- _WHAT YOU ARE ASKED TO DO_
Output exactly, in the material below, the lines from the one with "old-fashion-ribbons-malina" through the one with "1 bedroom, premium bedding, minibar, desk". Omit all pictures.

- _DATASET EXTRACT_
────────────────

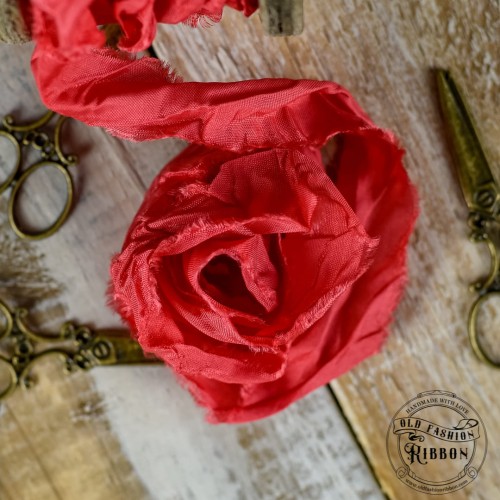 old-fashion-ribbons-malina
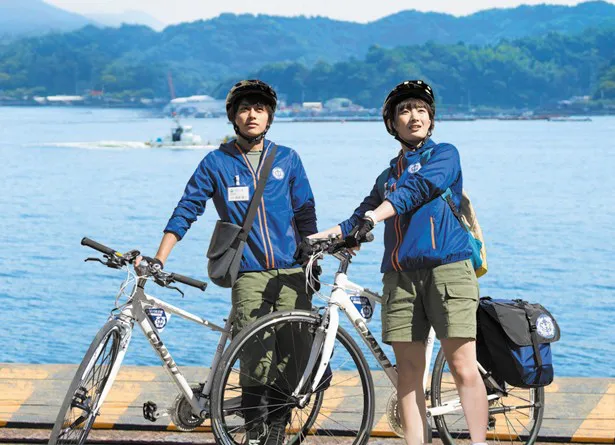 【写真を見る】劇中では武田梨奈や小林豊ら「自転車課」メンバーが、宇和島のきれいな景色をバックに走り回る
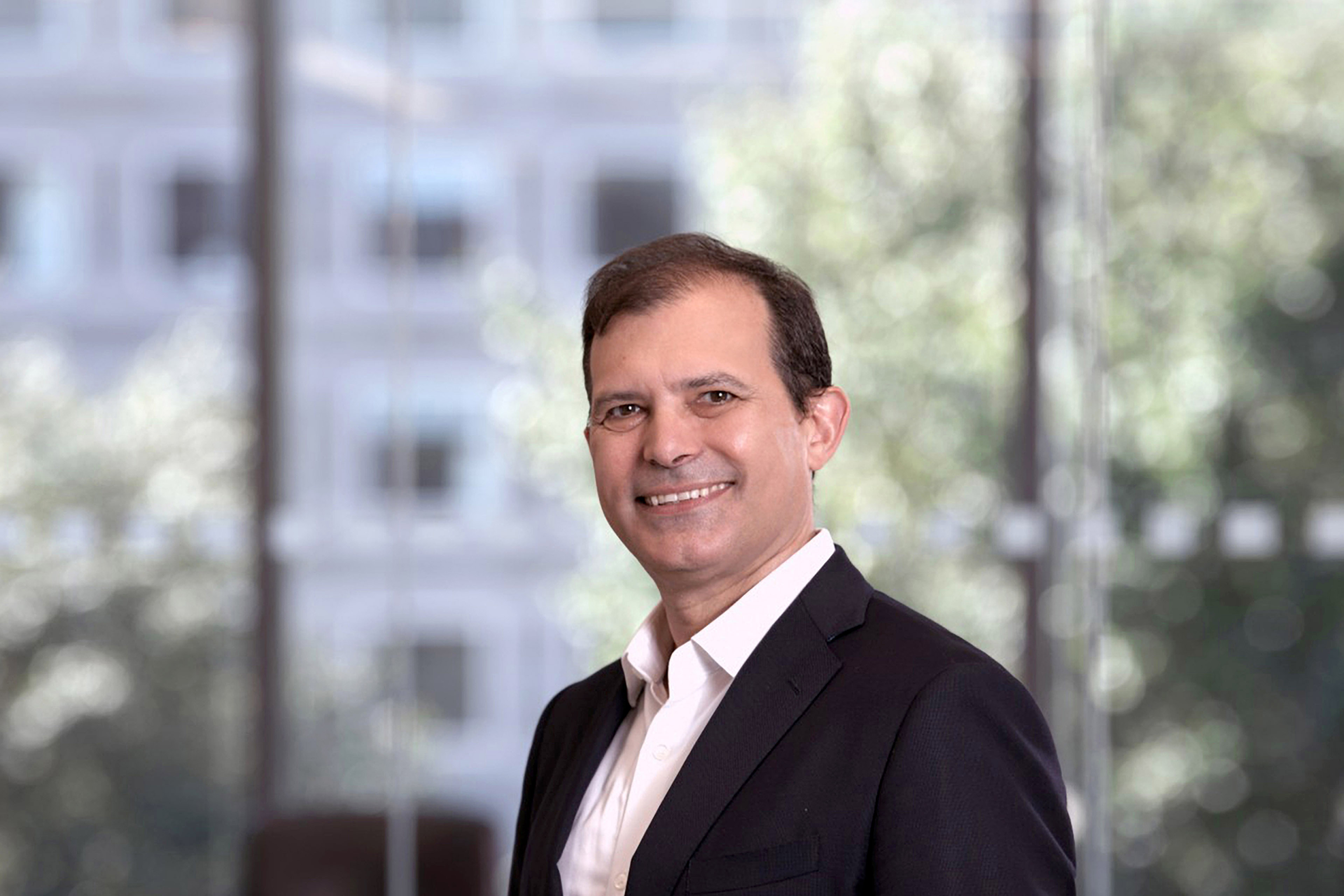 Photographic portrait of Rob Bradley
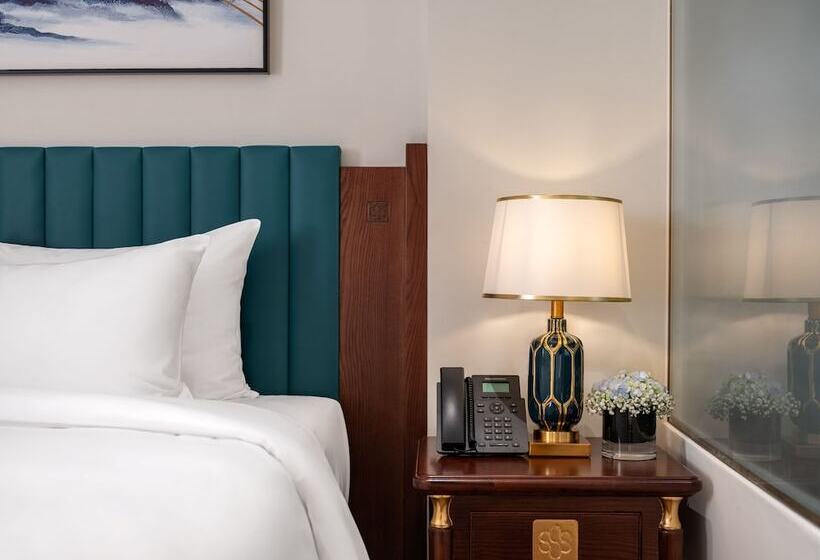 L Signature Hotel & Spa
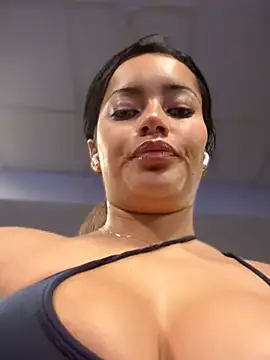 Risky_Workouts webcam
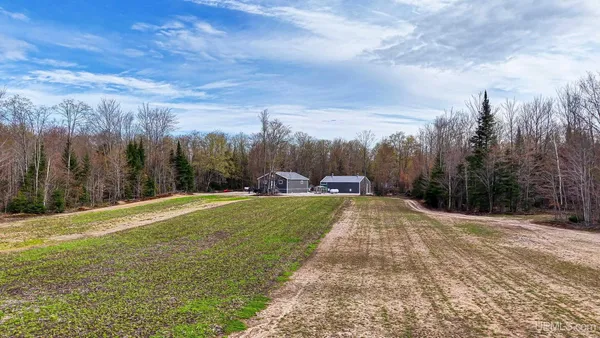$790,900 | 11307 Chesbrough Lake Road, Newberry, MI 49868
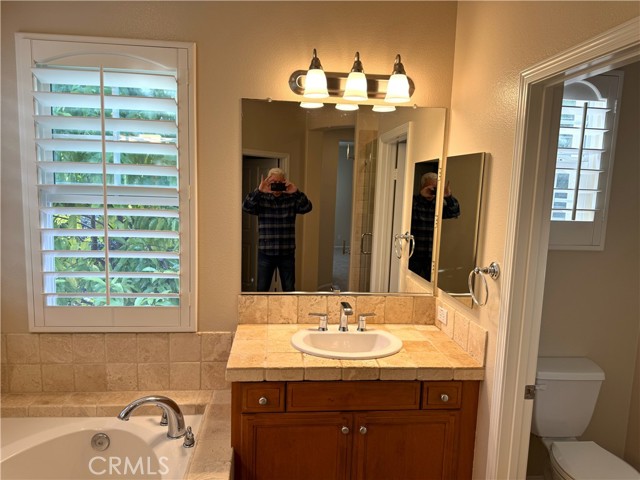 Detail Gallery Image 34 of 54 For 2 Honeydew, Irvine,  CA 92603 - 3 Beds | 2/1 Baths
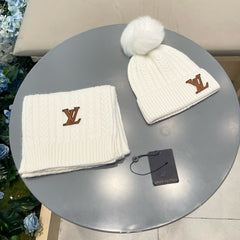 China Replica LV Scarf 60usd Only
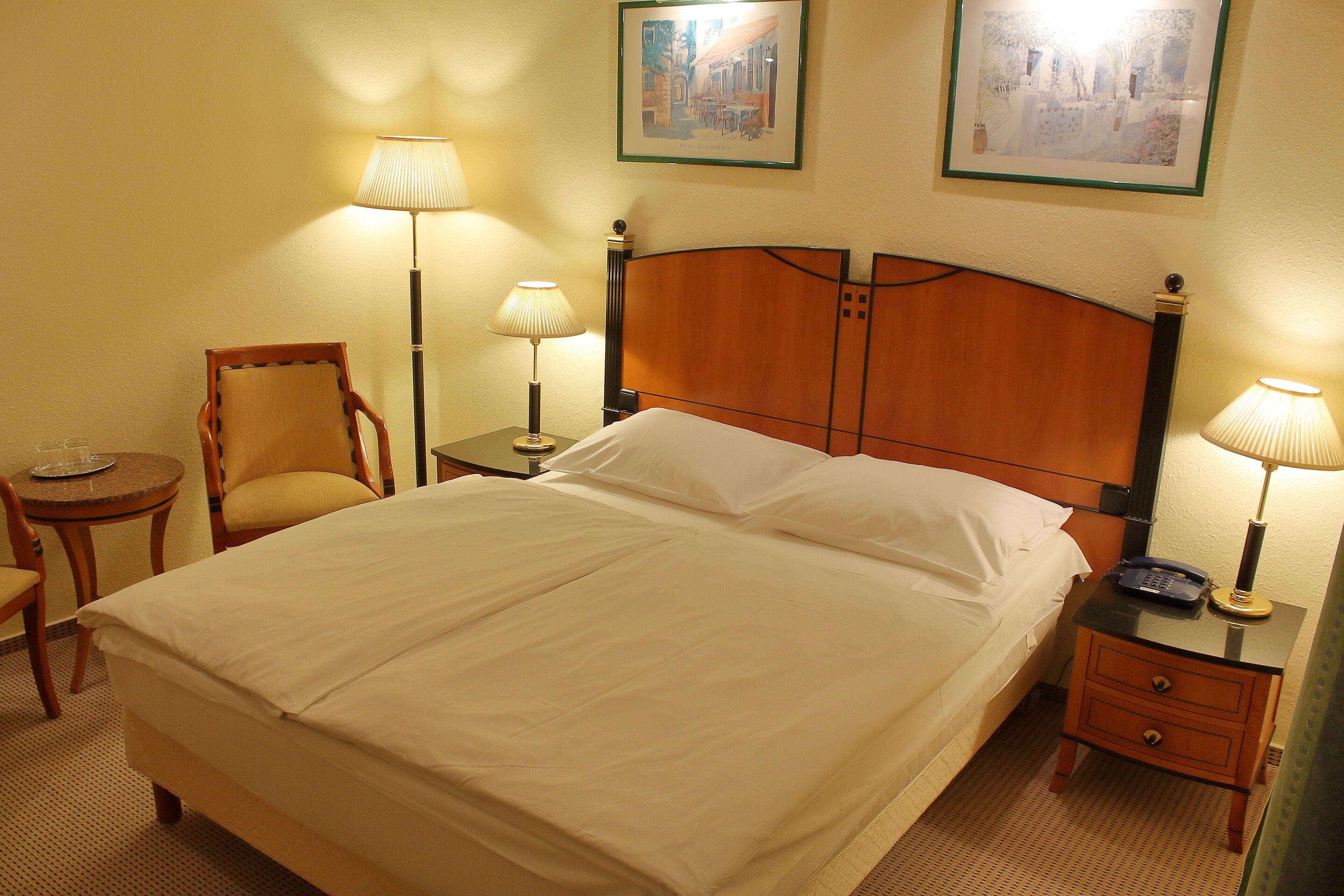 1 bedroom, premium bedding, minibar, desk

────────────────

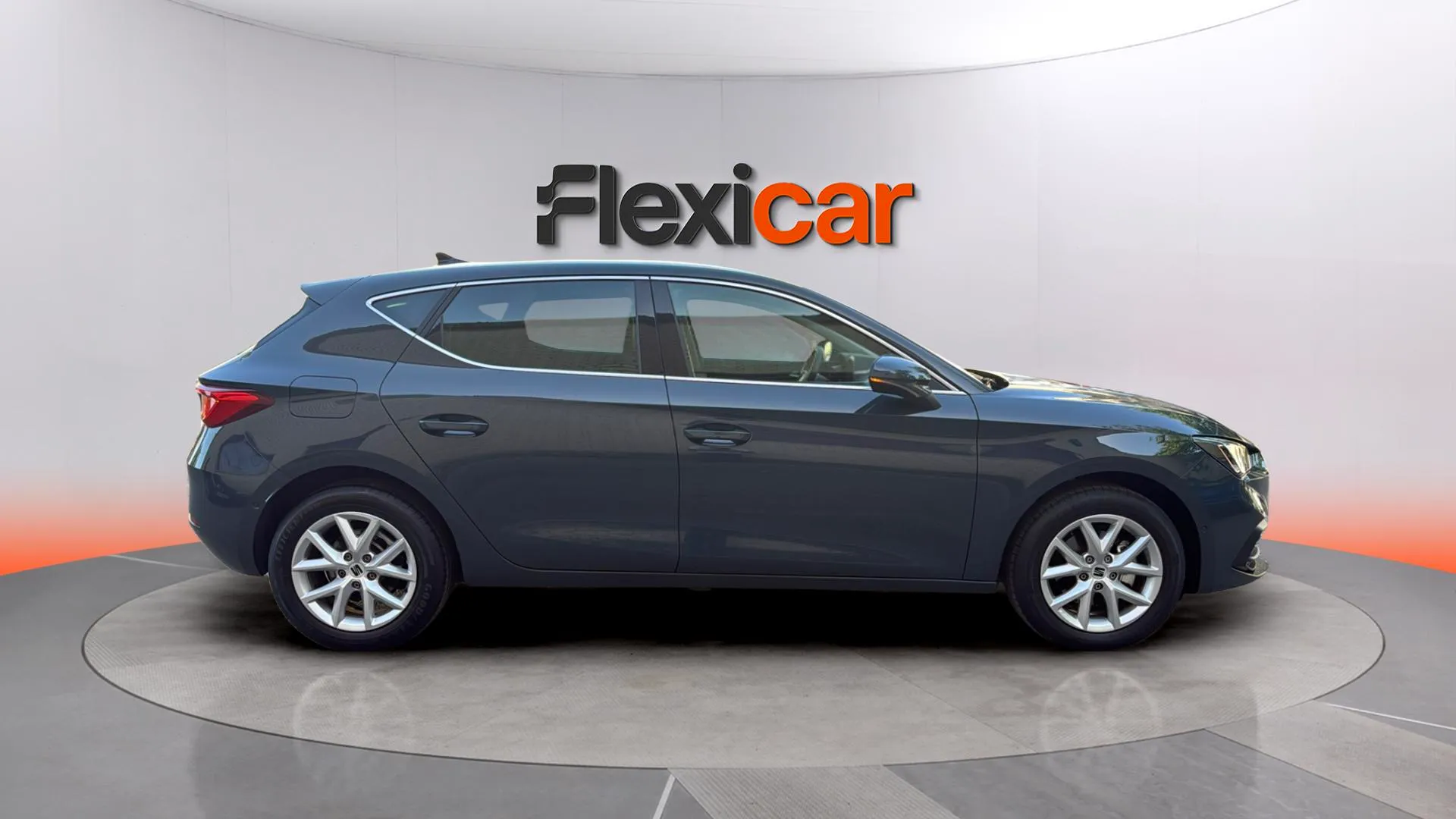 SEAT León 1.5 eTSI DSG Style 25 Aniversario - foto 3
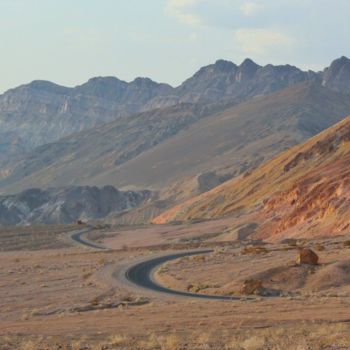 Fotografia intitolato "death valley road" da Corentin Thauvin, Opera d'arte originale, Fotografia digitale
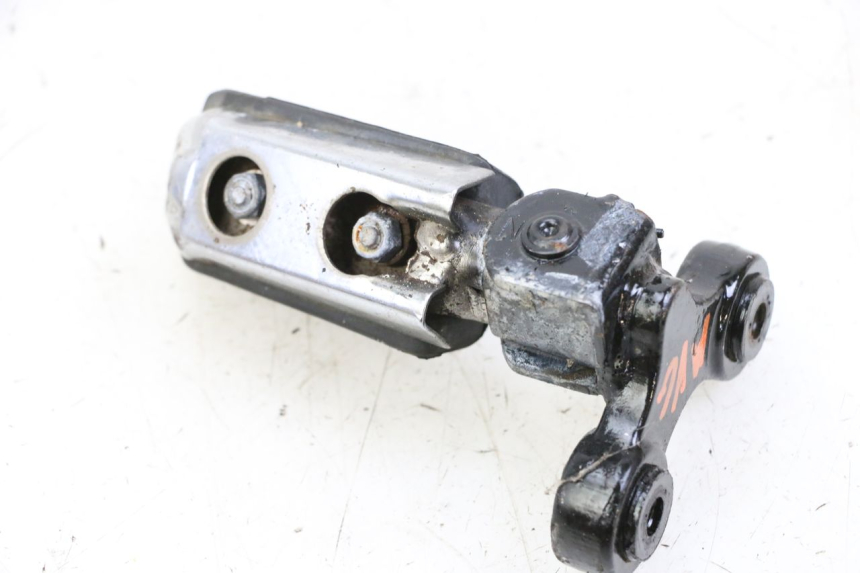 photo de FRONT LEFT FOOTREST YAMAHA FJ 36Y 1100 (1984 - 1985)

────────────────

- _ANSWER TO THE PROBLEM_
 old-fashion-ribbons-malina
 【写真を見る】劇中では武田梨奈や小林豊ら「自転車課」メンバーが、宇和島のきれいな景色をバックに走り回る
 Photographic portrait of Rob Bradley
 L Signature Hotel & Spa
 Risky_Workouts webcam
$790,900 | 11307 Chesbrough Lake Road, Newberry, MI 49868
 Detail Gallery Image 34 of 54 For 2 Honeydew, Irvine,  CA 92603 - 3 Beds | 2/1 Baths
 China Replica LV Scarf 60usd Only
 1 bedroom, premium bedding, minibar, desk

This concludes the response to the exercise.